Pantau - Menteri Dalam Negeri Tito Karnavian meminta pemerintah daerah dengan tingkat inflasi tinggi segera berkoordinasi dengan Badan Pusat Statistik (BPS), Perum Bulog, Bank Indonesia, serta bila diperlukan melibatkan asosiasi pengusaha seperti Kadin atau Apindo.
Koordinasi tersebut, menurut Tito, diperlukan untuk menelusuri penyebab kenaikan inflasi sekaligus menentukan langkah pengendalian yang efektif.
Ia menekankan bahwa faktor yang memengaruhi inflasi sangat beragam, mulai dari keterbatasan pasokan pangan, kenaikan harga yang diatur pemerintah seperti tarif air minum, gangguan distribusi akibat cuaca atau hambatan logistik, hingga kemungkinan adanya praktik penimbunan barang oleh oknum tertentu.
"Perlu ada evaluasi menyeluruh terhadap kondisi inflasi di daerah," ungkap Tito.
Inflasi Nasional Masih Sesuai Target
Berdasarkan data terbaru, inflasi nasional pada Agustus 2025 tercatat 2,31 persen secara tahunan (year on year).
Angka tersebut masih berada dalam kisaran target pemerintah, yaitu 2,5 persen plus minus 1 persen.
Tito menjelaskan bahwa inflasi yang terlalu rendah di bawah 1 persen dapat merugikan produsen karena harga tidak menutup biaya produksi, sementara inflasi di atas 3,5 persen akan membebani masyarakat sebagai konsumen.
"Keseimbangan antara menyenangkan produsen dan menyenangkan konsumen. Sehingga di angka 2,31 (persen) ini adalah angka yang sangat bagus sekali," ujarnya.
Namun, sejumlah daerah tercatat memiliki inflasi di atas 3,5 persen, antara lain Sumatera Utara, Sulawesi Tengah, Papua Selatan, Sulawesi Tenggara, Papua Pegunungan, Aceh, Riau, dan Sulawesi Barat.
Tito meminta kepala daerah di wilayah tersebut lebih intens melakukan koordinasi dengan pihak terkait untuk mengendalikan laju harga.
Perkembangan Harga Komoditas
Selain inflasi umum, Mendagri juga menyoroti perkembangan sejumlah komoditas pangan strategis.
Bawang merah yang sempat mengalami kenaikan harga kini menunjukkan tren penurunan signifikan.
Jika pada minggu ketiga Agustus 2025 terdapat 309 kabupaten/kota yang mengalami kenaikan harga, maka pada minggu ketiga September 2025 jumlahnya turun drastis menjadi hanya 31 daerah.

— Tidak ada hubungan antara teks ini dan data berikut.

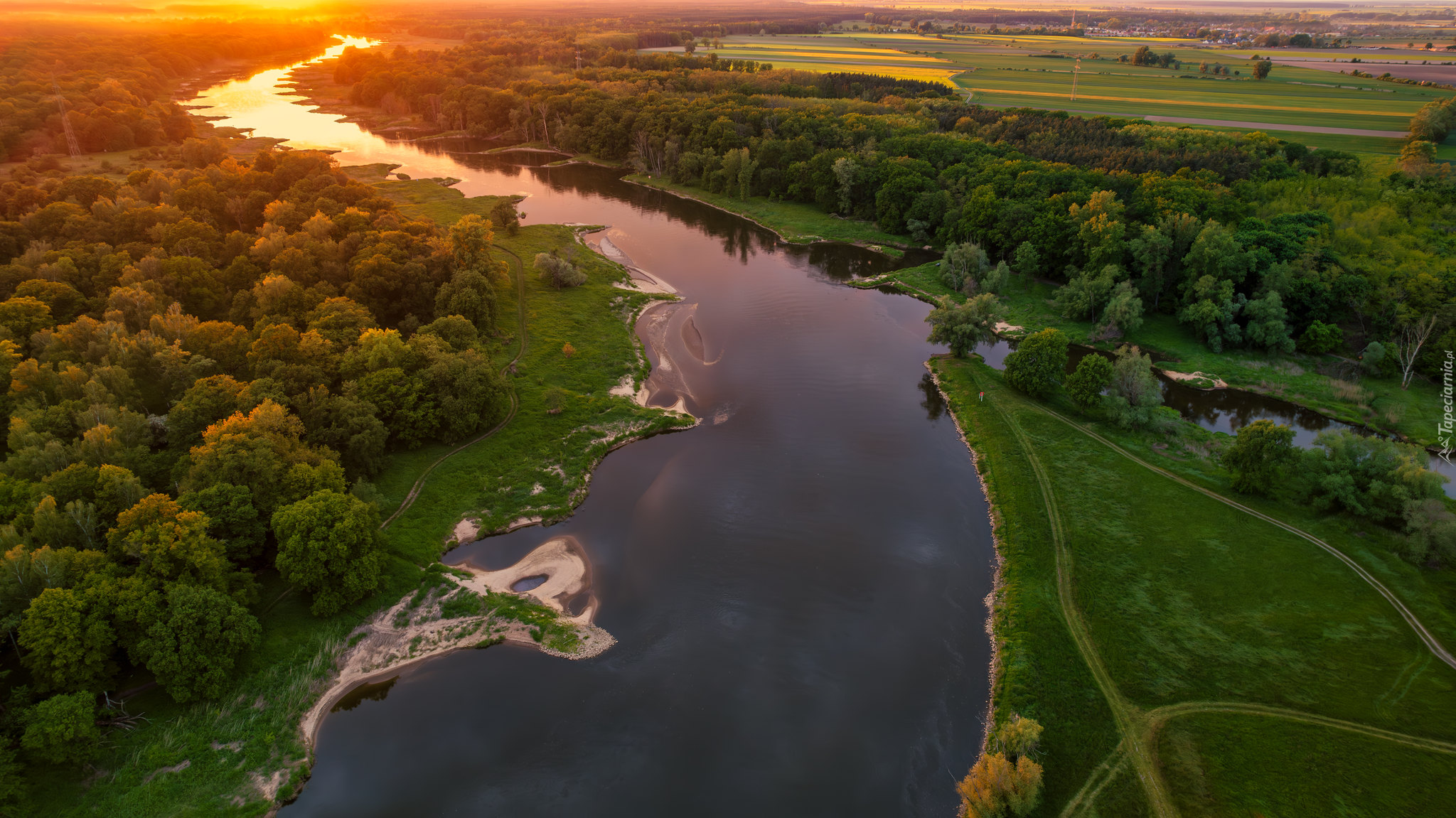 Polska, Gmina Szlichtyngowa, Rzeka, Odra, Drzewa, Pola, Zachód słońca, Z lotu ptaka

Sebaliknya, ada 303 kabupaten/kota yang justru mengalami penurunan harga bawang merah dalam periode yang sama.
"Ini yang menarik dan perlu diketahui apakah memang konsumsinya yang berkurang, kayaknya enggak. Atau mungkin karena sudah terjadi pemerataan distribusi," kata Tito.
Komoditas beras juga menjadi perhatian utama, di mana operasi pasar bersama Bulog dan Badan Pangan Nasional (Bapanas) berhasil menekan lonjakan harga di banyak daerah.

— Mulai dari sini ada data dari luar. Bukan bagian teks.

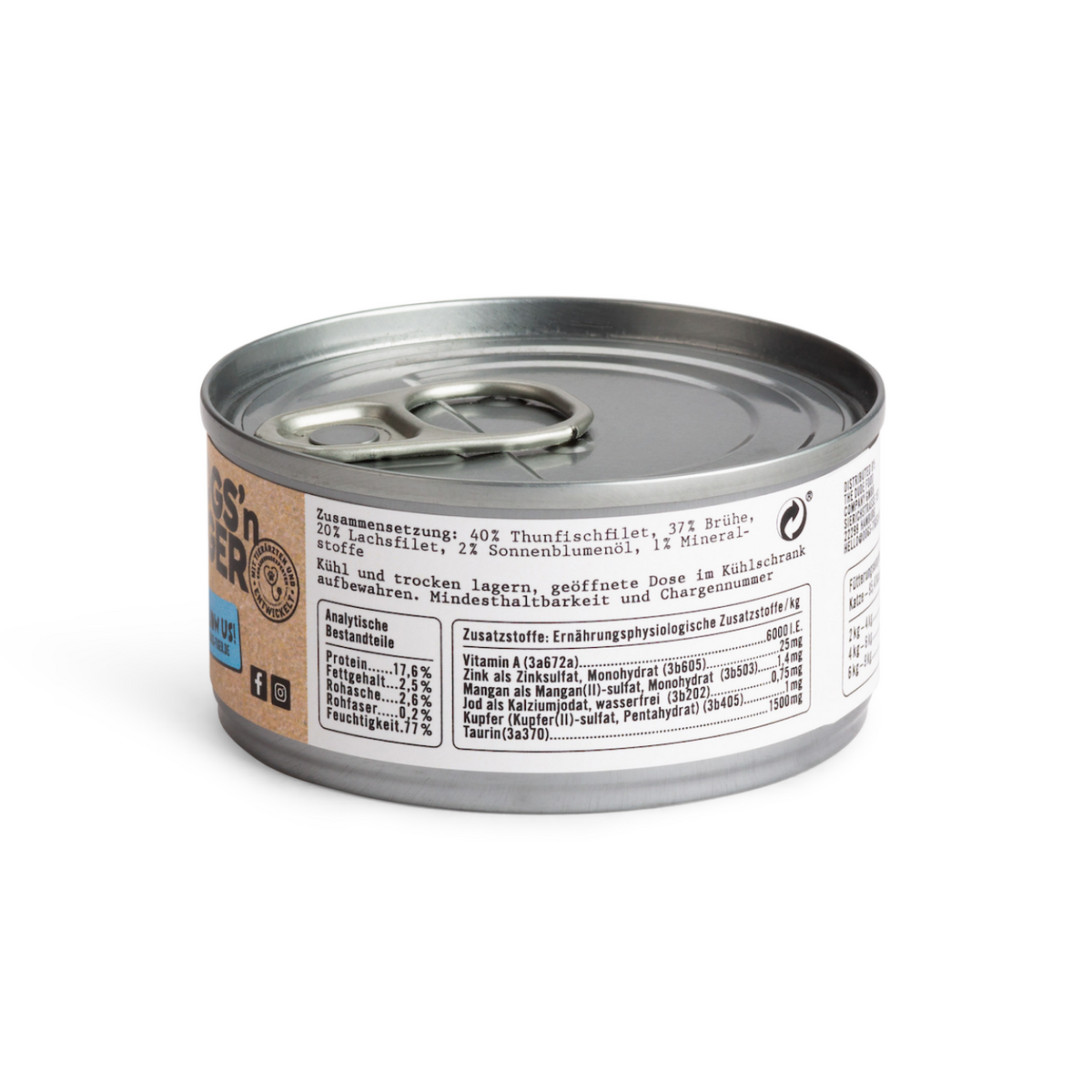 Dogs’n Tiger Adult Premium Katzenfutter, Meer, Nassfutter, Getreidefrei, Thunfisch & Lachs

Pada minggu keempat Agustus 2025, kenaikan harga beras tercatat di 214 daerah, sementara pada minggu ketiga September 2025 jumlah tersebut menurun menjadi hanya 106 daerah.

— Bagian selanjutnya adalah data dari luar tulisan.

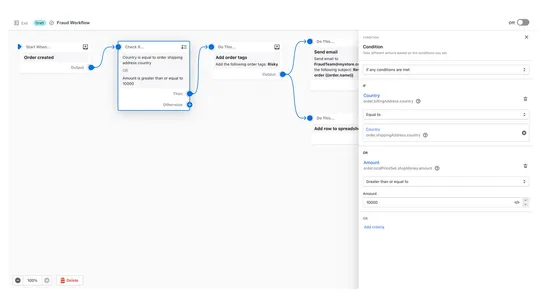 Shopify Flow screenshot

Jumlah daerah dengan penurunan harga beras juga terus meningkat, menunjukkan perbaikan situasi.
Meski demikian, Tito mengingatkan agar sejumlah komoditas lain tetap diwaspadai karena masih menunjukkan tren kenaikan, yakni cabai merah, daging ayam ras, dan telur ayam ras.